** Data provided **
.....

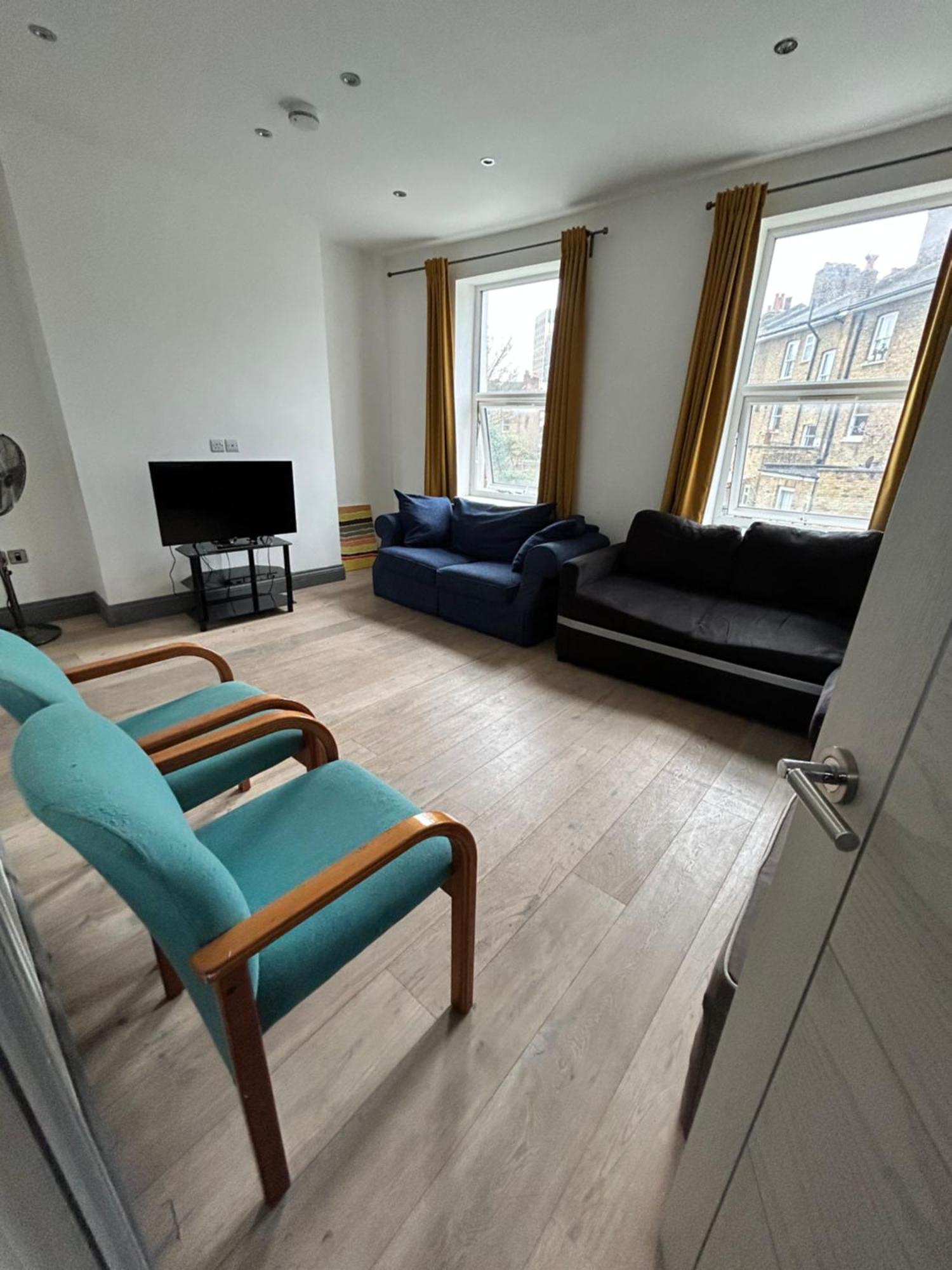 Nky Classic Brixton Apartment Three Лондон Екстериор снимка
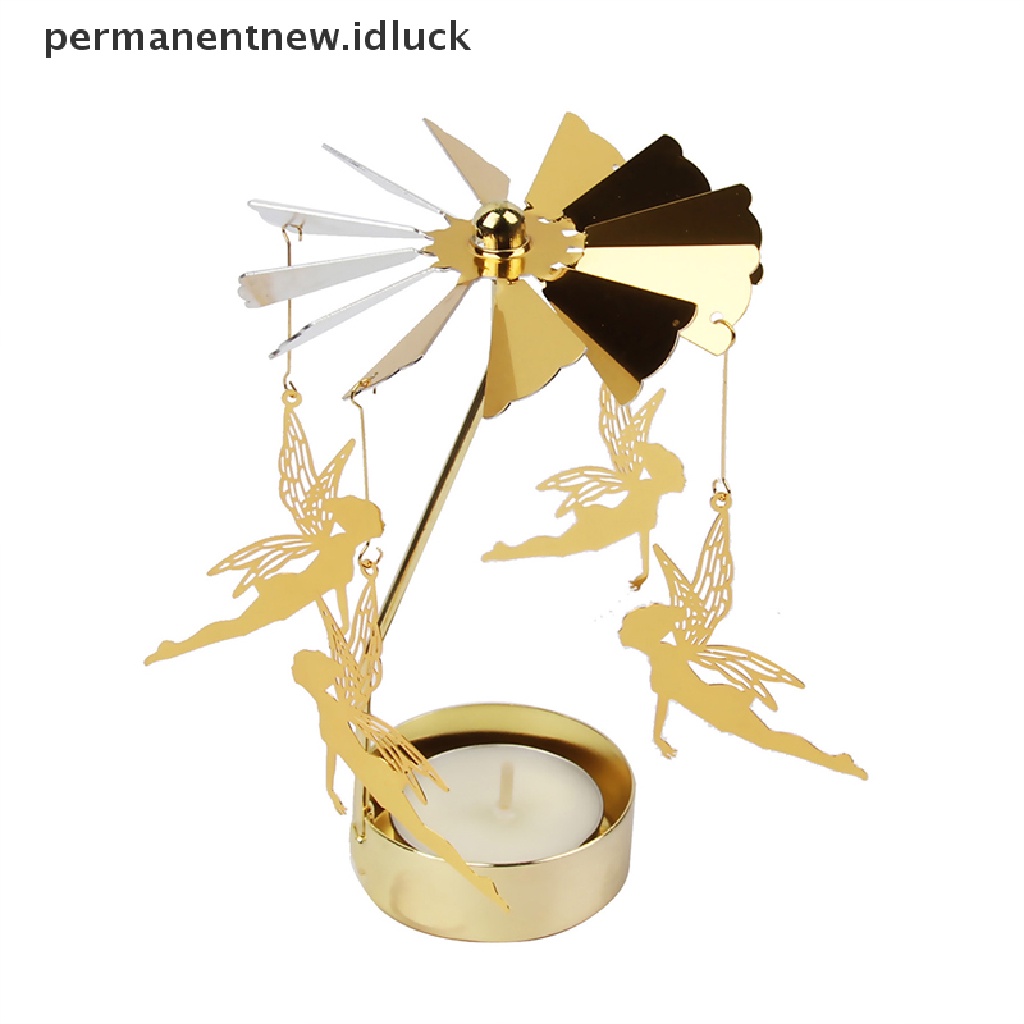 Holder Lampu Teh Romantis Untuk Natal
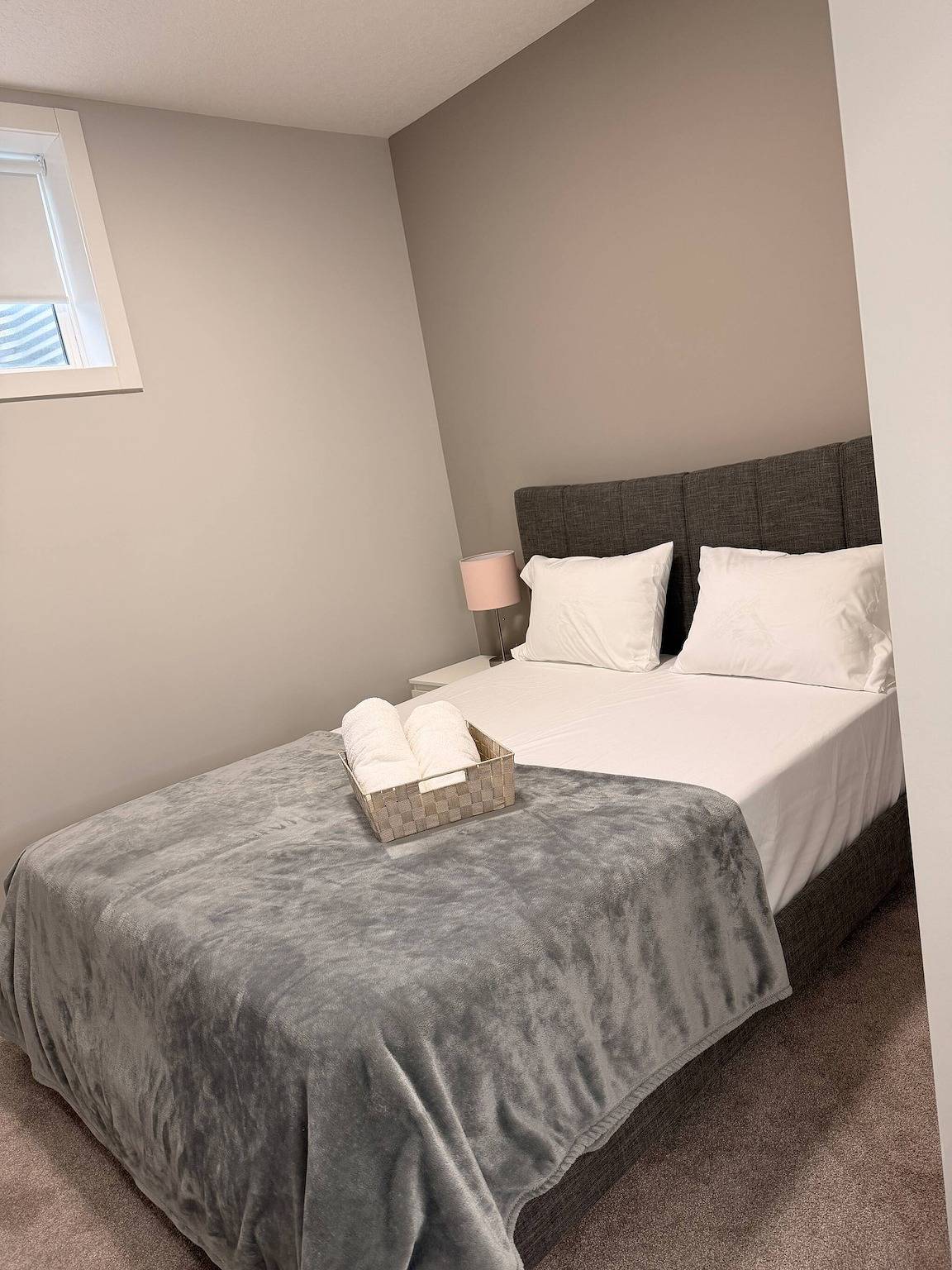 Kuschelig und komfortabel in Calgary, Kanadische Rocky Mountains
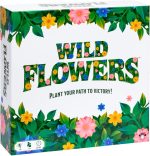 Wild Flowers Family Fun Strategy Game, Grow & Claim Flowers by Placing Tiles & Bumble Bees to Secure Your Blooms Before Others, Complete Garden Cards to Score Big! Solo Play & 1 to 4 Players Aged 8+ - Image 2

.....

** Exercise details **
Return the listing unchanged, but drop every picture.

** Solution to the exercise **
 Nky Classic Brixton Apartment Three Лондон Екстериор снимка
 Holder Lampu Teh Romantis Untuk Natal
 Kuschelig und komfortabel in Calgary, Kanadische Rocky Mountains
 Wild Flowers Family Fun Strategy Game, Grow & Claim Flowers by Placing Tiles & Bumble Bees to Secure Your Blooms Before Others, Complete Garden Cards to Score Big! Solo Play & 1 to 4 Players Aged 8+ - Image 2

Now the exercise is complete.